4. Für die neue Hauptverhandlung weist der Senat auf folgendes hin:
a) Bei der Beweiswürdigung zu der Tat vom Juni 2000 ist die zur Entscheidung berufene Strafkammer an die dem rechtskräftigen Freispruch zu Grunde liegenden Feststellungen nicht gebunden (vgl. BGHSt 43, 106, 107; Rieß in Löwe-Rosenberg, StPO 25. Aufl. Einl. J Rdn. 103 f. m. w. N.). Sie wird sich in ihr aber mit den Gründen des Freispruchs auseinandersetzen müssen.
b) Sollte sie zu dem Ergebnis kommen, die Angeklagte habe gebotene Handlungspflichten zum Schutze ihrer Tochter vor einer drohenden Mißhandlung durch einen Dritten bewußt unterlassen, wird sie sich bei der Prüfung des subjektiven Tatbestandes (vgl. dazu Cramer/Sternberg-Lieben in Schönke/Schröder, StGB 25. Aufl. § 15 Rdn. 98) mit deren Vorstellung über die Folgen der Untätigkeit befassen müssen. Wenn die Angeklagte weitere Mißhandlungen ihrer Tochter durch einen Dritten lediglich für möglich gehalten haben sollte, ist eine Abwägung auf Grund aller objektiven und subjektiven Tatumstände erforderlich, ob sie diese billigend in Kauf nahm und deshalb bedingter Vorsatz zu bejahen ist oder ob sie auf ihr Ausbleiben ernsthaft vertraute und ihr deshalb nur Fahrlässigkeit vorgeworfen werden kann (vgl.
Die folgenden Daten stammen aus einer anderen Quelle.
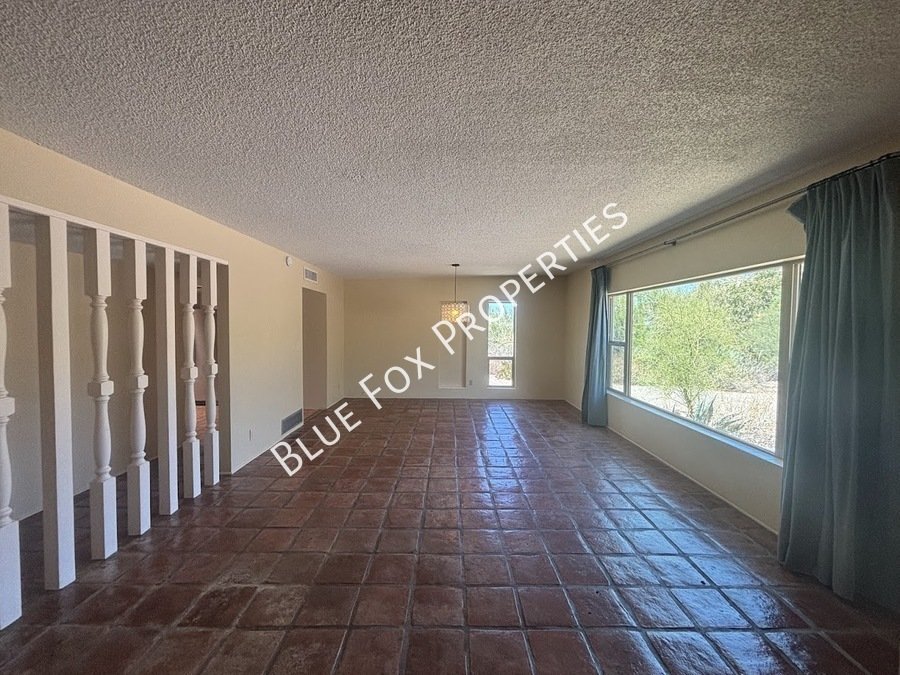 2 Bedroom, 2 Bathroom in the Santa Catalina Estates property image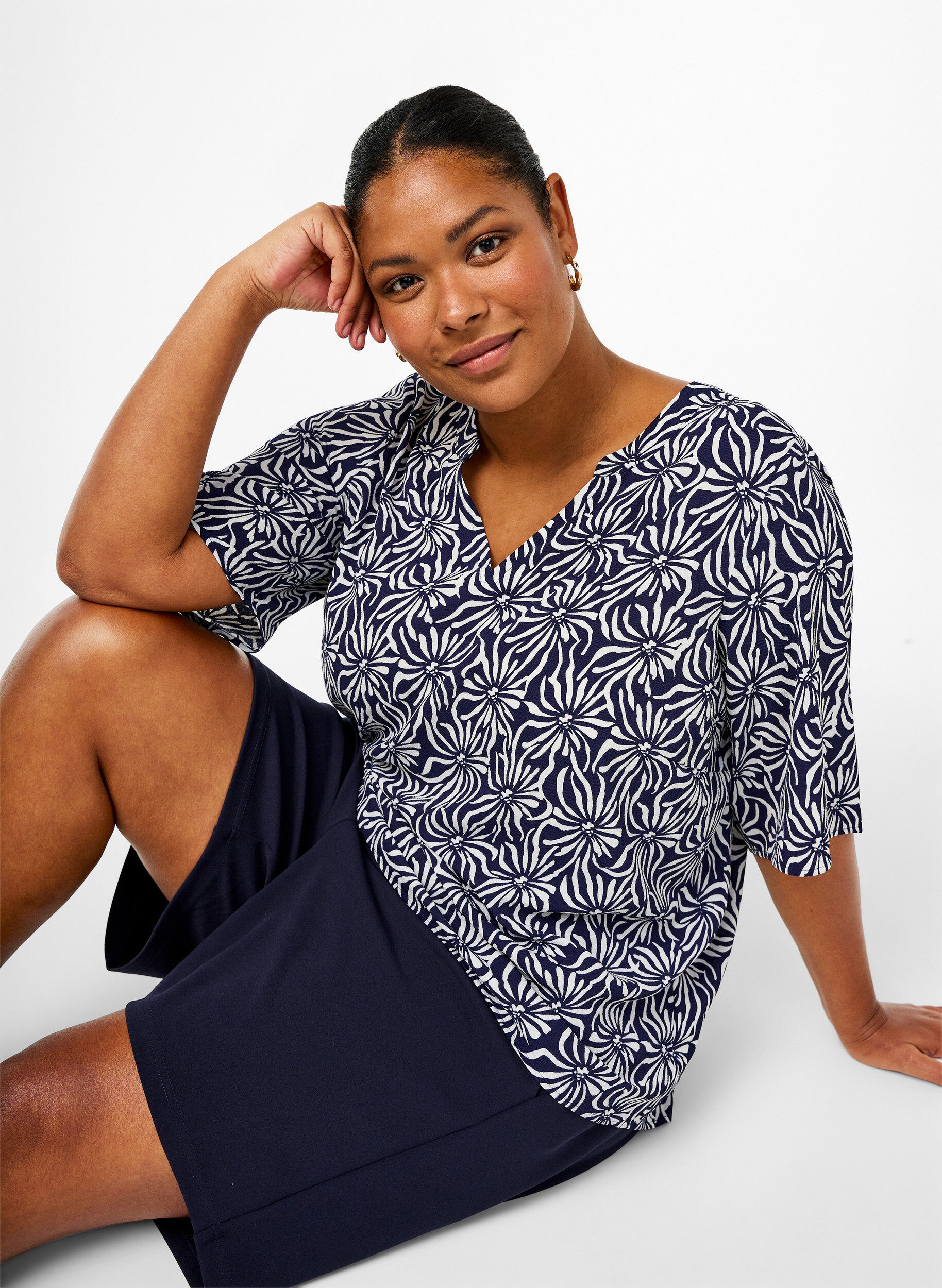 Zizzi Blus med V-ringning och blomstertryck, White Blue Flower, Image image number 0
BGHSt 36, 1, 10; Tröndle/Fischer, StGB 50. Aufl. § 15 Rdn. 9 ff.).
c) Bei der Frage, ob das durch Unterlassen begangene Mißhandeln roh im Sinne des § 225 Abs. 1 StGB war, sind vor allem die Schwere des drohenden körperlichen Angriffes auf das hilflose Kleinkind, in der sich die gefühllose, fremde Leiden mißachtende Gesinnung widerspiegelt, aber auch die Persönlichkeit der Angeklagten und deren Motivation von Bedeutung (vgl. BGHSt 25, 277, 278, 280; Hirsch in LK 11. Aufl. § 225 Rdn. 14).